For my needs, even with the very limited editing controls in Photos.app, using Photos with iCloud Photos is the best compromise for me (compared to Lightroom, Capture One), especially since I have an iPhone as well.

I know there is a way to open Aperture/iPhoto libraries in Photos, but can you then merge said library to your main iCloud Photos library?

I would like to maintain lossless editing capabilities, and would like to avoid importing JPEGs of all my edits from Aperture.
 

steve123

macrumors 65816
Aug 26, 2007
1,151
716
I am not certain about how to sync your aperture library ... I am in the same boat. For editing, have a look at Raw Power. You can get it as a Mac app and iOS app. Similar to Aperture for editing but uses Photos for storage. Not sure if the developer will add DAM functionality ... I think the developer is considering it.
 

Ledgem

macrumors 68020
Jan 18, 2008
2,042
936
Hawaii, USA
I recently went through this as well. I had a bunch of old photos (RAWs, JPEGs, and adjusted RAWs) in Aperture that I wanted to get out and into Photos. I guess when I first ran Photos I told it to build off of my iPhoto library, rather than my Aperture library.
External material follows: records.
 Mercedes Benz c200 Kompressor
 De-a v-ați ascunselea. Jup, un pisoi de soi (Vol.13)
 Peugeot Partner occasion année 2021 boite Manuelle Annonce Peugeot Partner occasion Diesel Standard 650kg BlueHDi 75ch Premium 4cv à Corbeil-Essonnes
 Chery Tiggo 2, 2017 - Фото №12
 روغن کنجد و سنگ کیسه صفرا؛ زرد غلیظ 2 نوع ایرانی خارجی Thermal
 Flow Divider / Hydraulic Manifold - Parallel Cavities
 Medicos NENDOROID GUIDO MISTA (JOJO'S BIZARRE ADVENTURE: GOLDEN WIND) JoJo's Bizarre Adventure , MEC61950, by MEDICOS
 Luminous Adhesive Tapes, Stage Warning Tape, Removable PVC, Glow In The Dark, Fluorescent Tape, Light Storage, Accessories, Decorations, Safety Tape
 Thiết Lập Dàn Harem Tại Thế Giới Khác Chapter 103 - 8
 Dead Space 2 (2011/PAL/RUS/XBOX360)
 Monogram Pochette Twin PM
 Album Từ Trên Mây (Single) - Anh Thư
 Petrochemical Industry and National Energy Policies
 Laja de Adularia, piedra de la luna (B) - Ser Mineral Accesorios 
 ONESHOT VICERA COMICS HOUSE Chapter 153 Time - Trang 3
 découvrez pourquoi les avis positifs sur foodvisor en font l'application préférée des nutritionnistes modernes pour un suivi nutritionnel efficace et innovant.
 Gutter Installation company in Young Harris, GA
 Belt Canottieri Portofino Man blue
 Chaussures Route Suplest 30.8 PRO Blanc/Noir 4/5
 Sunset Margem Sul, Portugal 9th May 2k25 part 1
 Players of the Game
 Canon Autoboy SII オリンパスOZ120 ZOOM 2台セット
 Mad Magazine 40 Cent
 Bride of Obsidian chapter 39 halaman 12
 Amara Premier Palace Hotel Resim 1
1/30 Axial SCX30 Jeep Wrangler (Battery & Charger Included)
As you've probably read, if you make a new Photos database then it should prompt you about taking over an iPhoto or Aperture database. It's possible that I missed a good solution, but Photos - being very consumer-oriented - is missing the feature of being able to merge multiple databases. And that's what I believe you're asking about: how to combine a Photos database that has all of Aperture's things with your existing Photos database. Unfortunately, it seems to be impossible at present.

I've been manually going through my Aperture library, exporting the originals and occasionally the processed JPEGs, and then importing them into Photos and manually building the same folder/album structure. I have a few years' worth of photos in Aperture, so it's relatively slow going. On the bright side, it's a nice excuse to look over many of those old photos once more. Also interesting to me was discovering a small handful of photos that were corrupt or somehow inaccessible within Aperture. I tried some of the fixes suggested online, but they didn't work. Good thing I had used the Vault backup system before, and was able to restore the photos that way... not sure what happened there.